Note, that Pin 7 contains no internal pull-up inside chip, thus, when pin is floating it reads low level. So, to write-enable EEPROM chip, we need to solder off R5 resistor. You may even simply (carefully!) destroy R5, if can’t desolder small parts.

Method 3: Pin strapping

This method is for switches, containing no place for EEPROM chip. RTL83xx chips supports one more method of configuring (pin-strapping). To use this method, you need to solder in resistor (470 Ohm to 10kOhm) between appropriate pin(s) and ground (power) plane (details is chip-dependent).

Note, that this method implies a 2 serious limitations:

1) Switch will have no MAC address (it will have 00:00:00:00:00:00 as MAC address to be exact) - and as you guess, you can’t have more than one such switch in a network. Moreover, some “smart” switches (at least, 3COM’s 3c1100/3c3300) tend to filter out ethernet frames with 00:00:00:00:00:00 as destination MAC address, and you will never reach your RRCP-enabled-by-pinstrap switch if such “smart” switch is in the middle.

2) No configuration is saved permanently - you need to constantly (maybe one time per minute - from crontab) reconfigure such switch in order to survive switch reboot seamlessly.


Pin 121(EnRRCP) is used in RTL8316B to preconfigure RRCP protocol enabled. You need to pull-up this pin to enable RRCP (i.e. solder in resistor between pin 121 and power-plane - VCC). Nearest pins, connected to VCC are 114 and 128. Note, that Pin 121 is also used as output for port 5, so do not try to connect it to VCC directly - you will burn port 5.

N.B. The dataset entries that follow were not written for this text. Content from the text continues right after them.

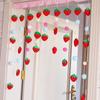 Cortina de porta de morango puro com divisória de vento pendurada estilo princesa para sala de casamento quarto cortina de quebra para casa meninas coração cortina de porta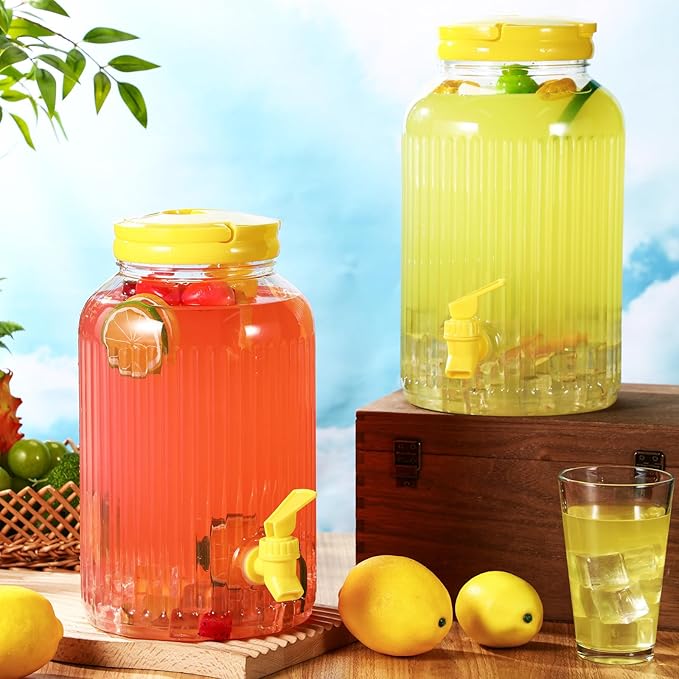 SiliFine 2 Pieces 1 Gallon Plastic Beverage Dispenser with Spigot Striped Clear Large Drink Beverage Dispenser Summer Fridge Water Container with Tap for Party Iced Tea, Sangria, Lemonade(Yellow)
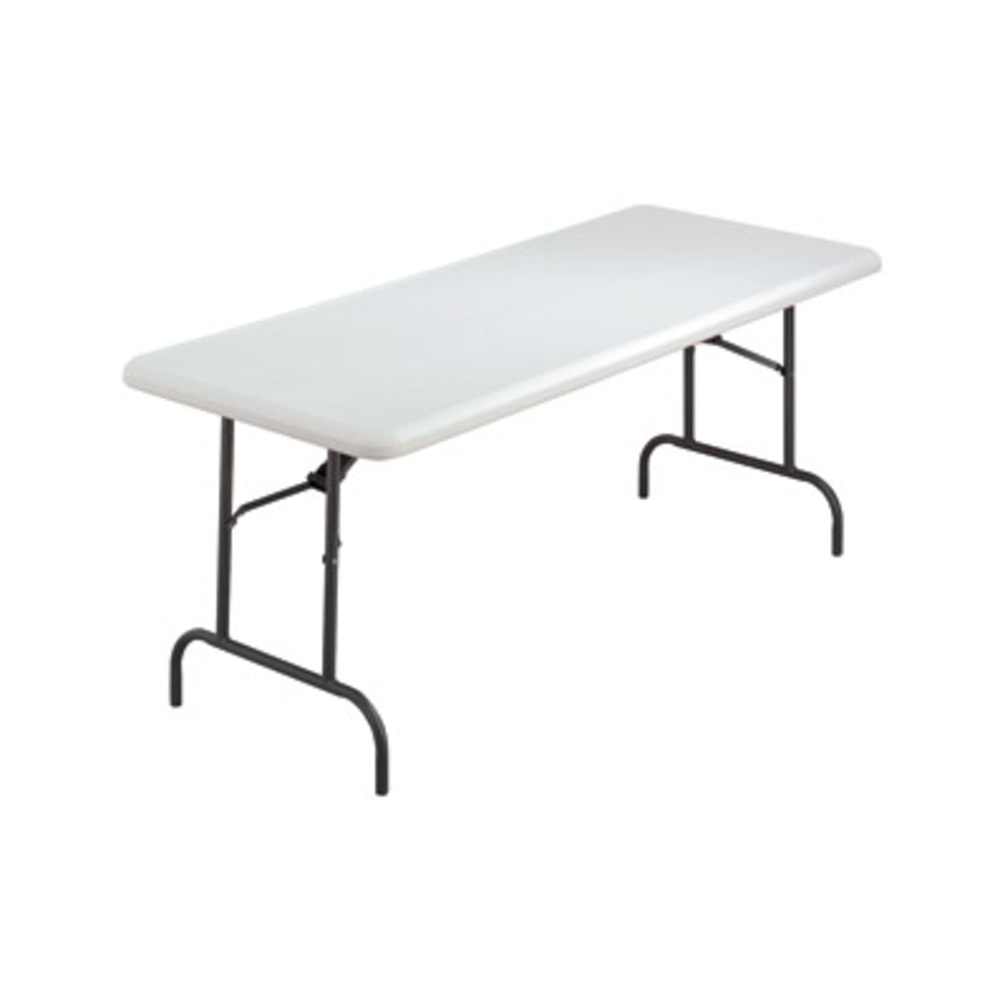 Iceberg IndestrucTable TOO 1200 Series Folding Table - For - Table TopRectangle Top - 72in Table Top Length x 30in Table Top Width x 1in Table Top Thickness - 29in Height - Platinum, Powder Coated - Polyethylene, Steel - 1 Each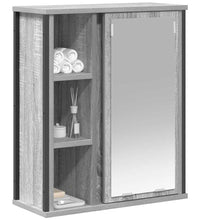 Bad-Wandschrank mit Spiegel Grau Sonoma 50x21x60 cm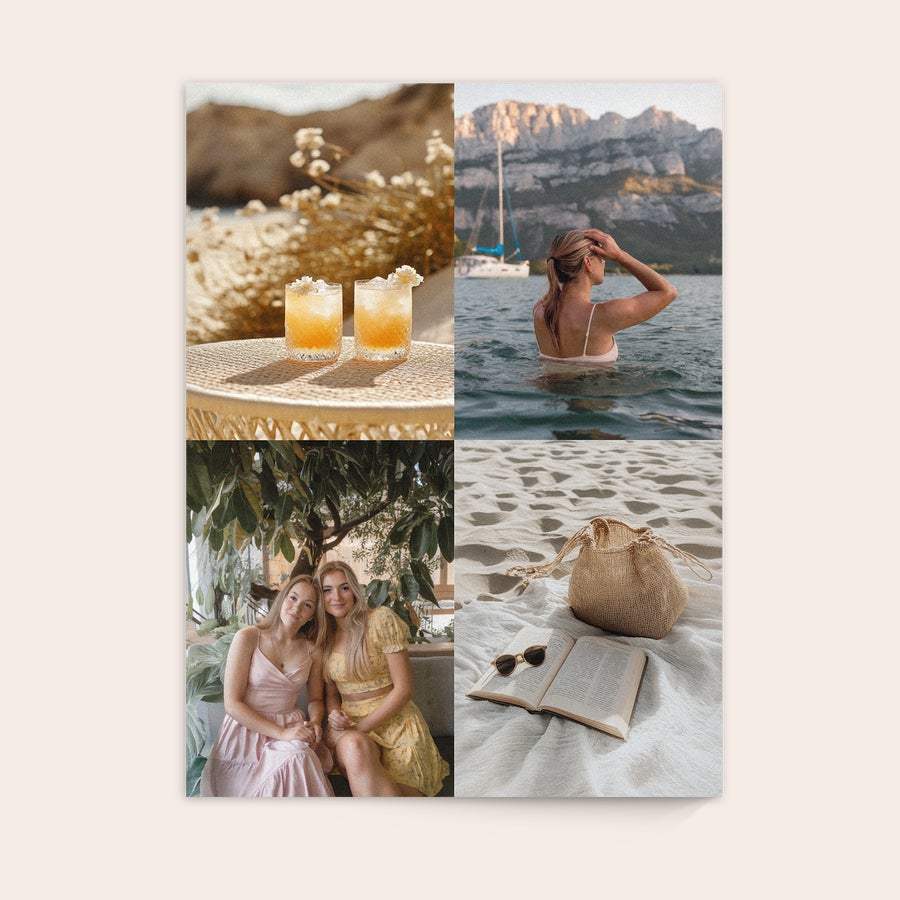 Foto em madeira Impressão com uma foto em madeira, personalizada com quatro fotos coloridas de paisagens e pessoas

Pin 35(DisRRCP) is used in RTL8326/RTL8326S to preconfigure RRCP protocol enabled. You need to pull-down this pin to enable RRCP (i.e. solder in resisior between pin 35 and ground-plane - GND). Nearest pin, connected to GND is 34. Note, that Pin 35 is also used as output for port 10, so do not try to connect it to GND directly - you will burn port 10.